*RECORD EXTRACTS*.
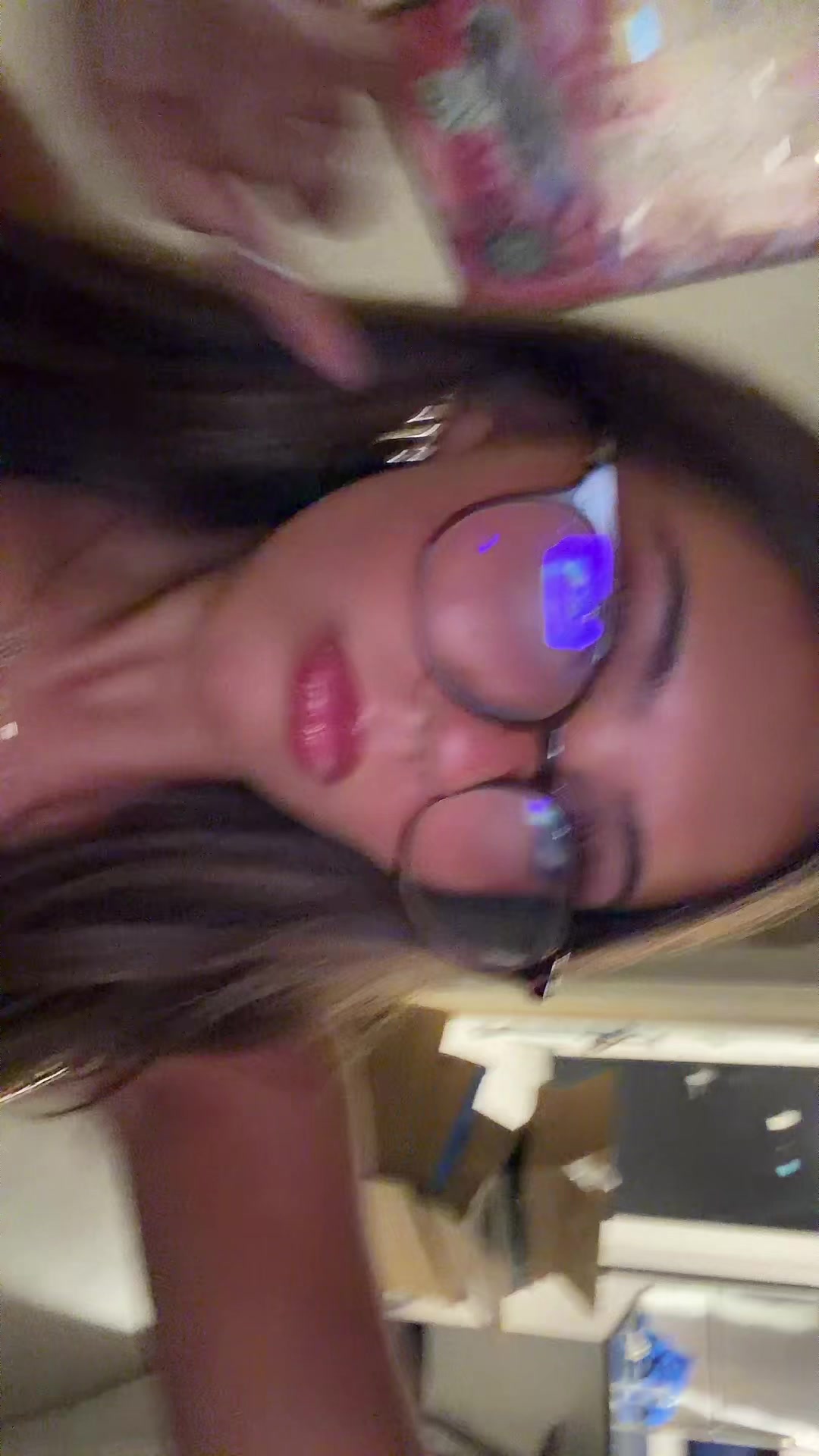 @🫐🥂📸🍋🍾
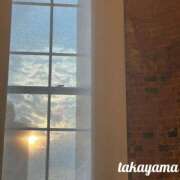 ヒメ日記 2026/08/14 22:39 投稿 高山 ANECOTE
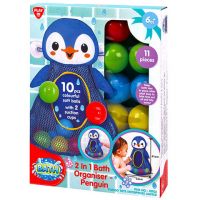 Playgo: Hračka do kúpeľa na zbieranie lôpt - p/l/playgo-hracka-do-kupela-na-zbieranie-lopt.jpg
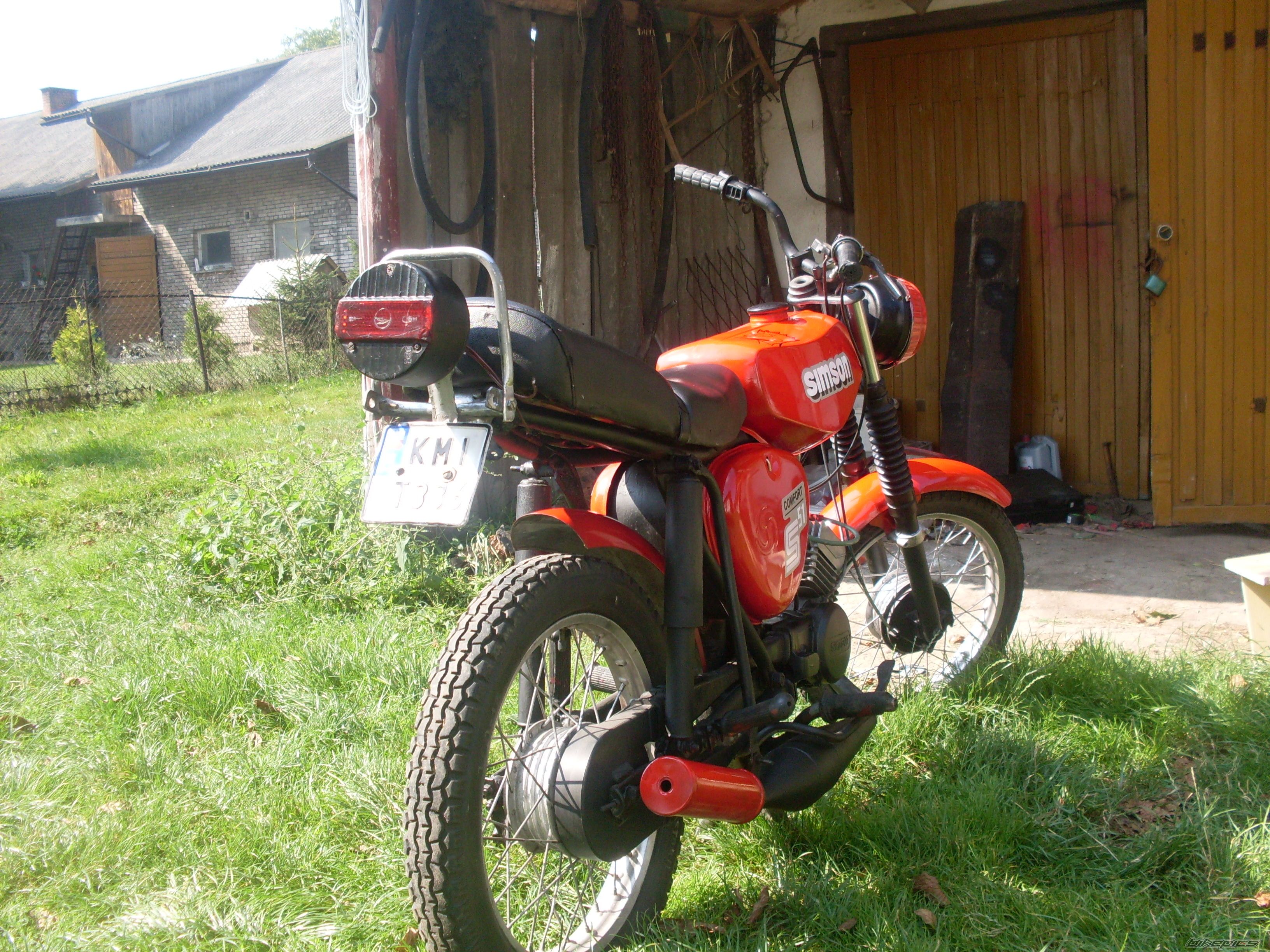 Photo 1399535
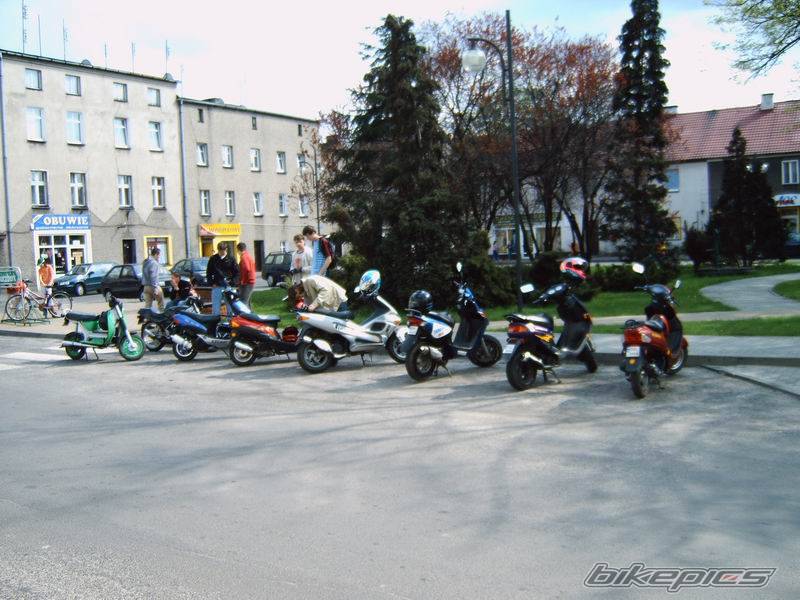 Photo 578646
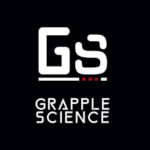 Grapple Science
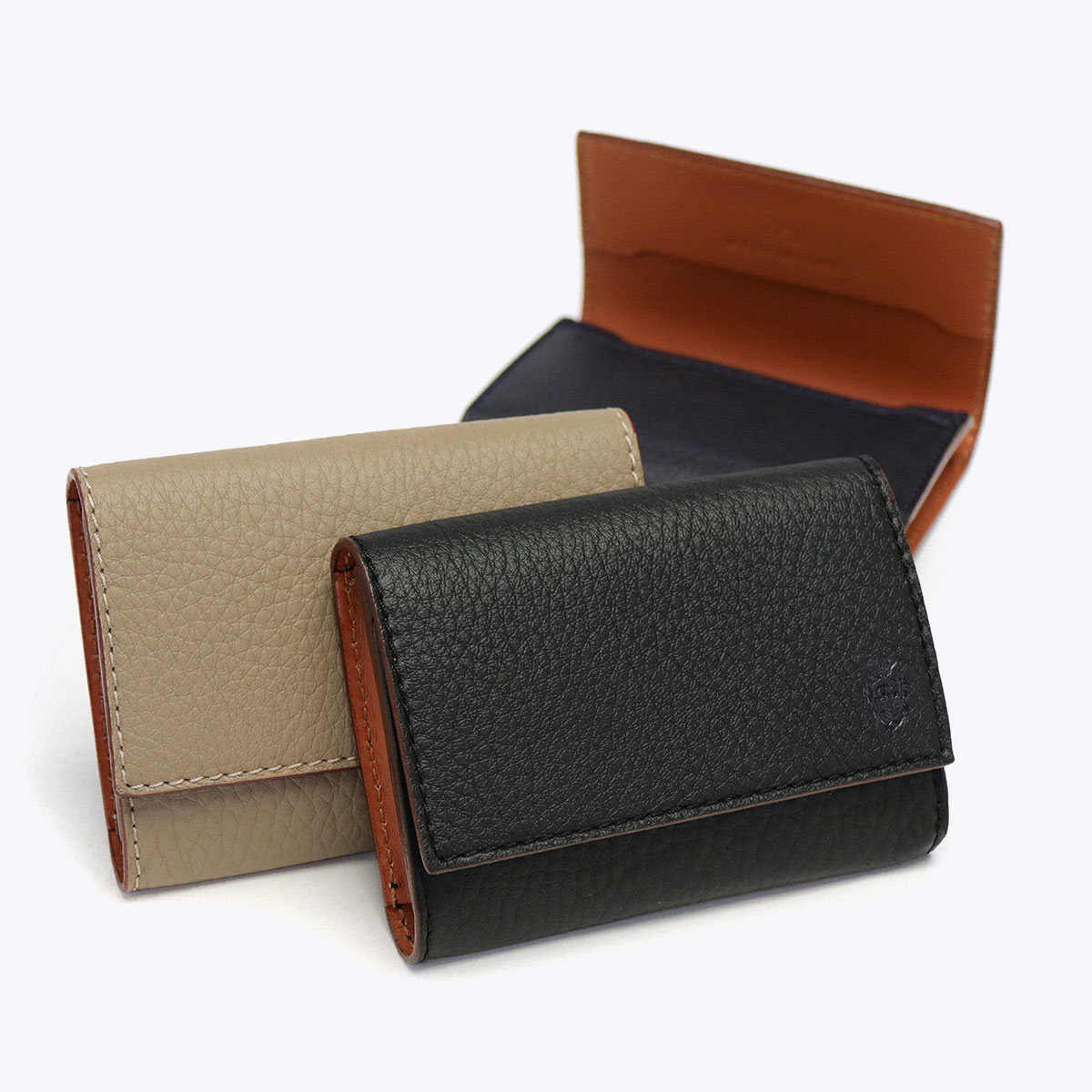 Felisi（フェリージ） 最大51%☆3/8限定 正規品1年保証 カードケース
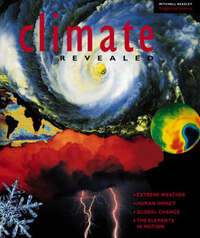 The Climate Revealed (Insights on Science S.)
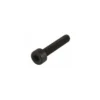 VIS 6 PANS CREUX M4x30 mm 4pcs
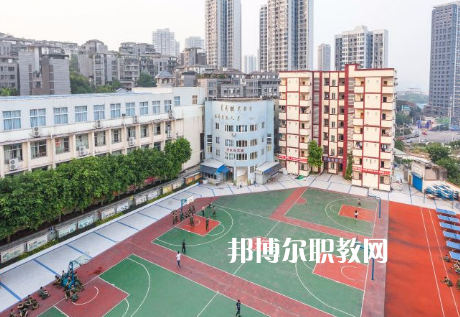 重慶建筑高級(jí)技工學(xué)校2022年報(bào)名條件、招生要求、招生對(duì)象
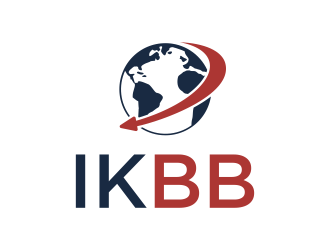 IKBB logo design by Kanya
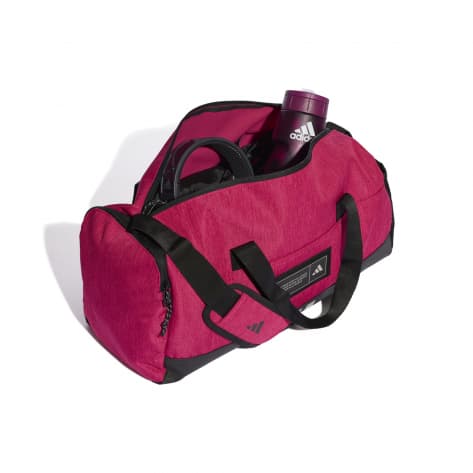 adidas Sporttasche 4ATHLTS DUF S 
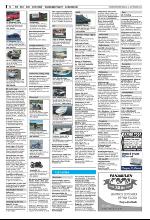 bergenstidende_del2-20090913_000_00_00_012.pdf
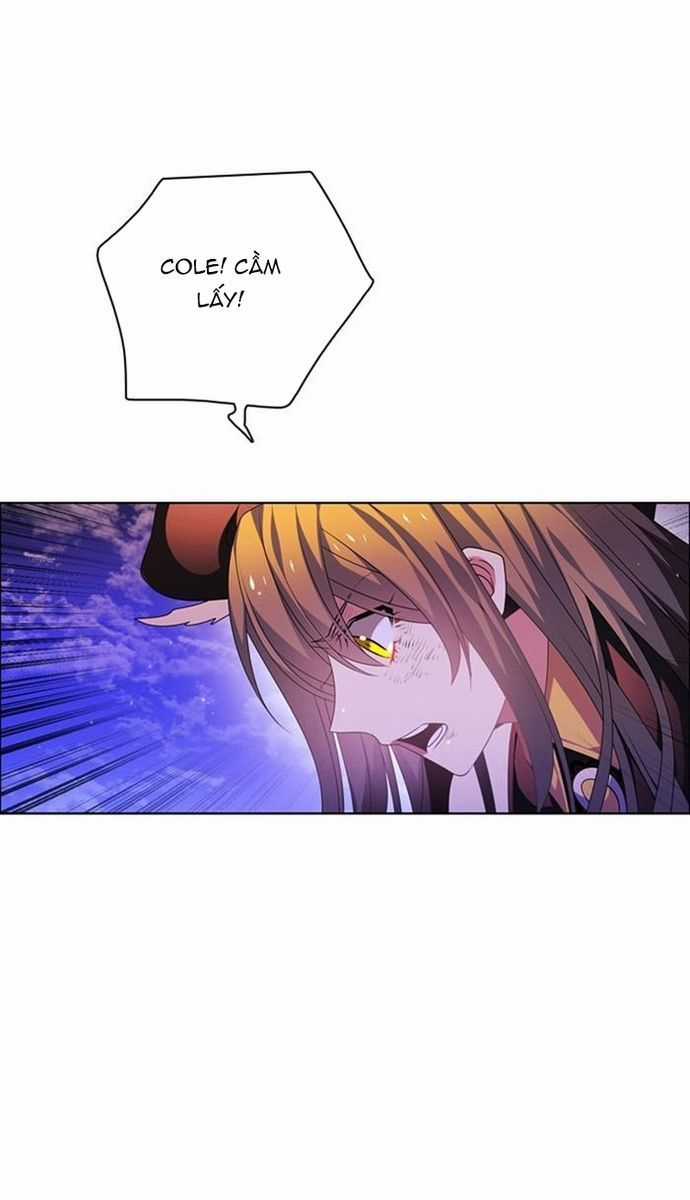 Zero Game Chương 133 trang 71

*WORK TASK*. Copy the lines above exactly, starting at the one with "Photo 1399535" and ending at the one with "adidas Sporttasche 4ATHLTS DUF S", both included. Leave out any pictures and add nothing else.

*EXPECTED ANSWER*.
 Photo 1399535
 Photo 578646
 Grapple Science
 Felisi（フェリージ） 最大51%☆3/8限定 正規品1年保証 カードケース
 The Climate Revealed (Insights on Science S.)
 VIS 6 PANS CREUX M4x30 mm 4pcs
 重慶建筑高級(jí)技工學(xué)校2022年報(bào)名條件、招生要求、招生對(duì)象
 IKBB logo design by Kanya
 adidas Sporttasche 4ATHLTS DUF S 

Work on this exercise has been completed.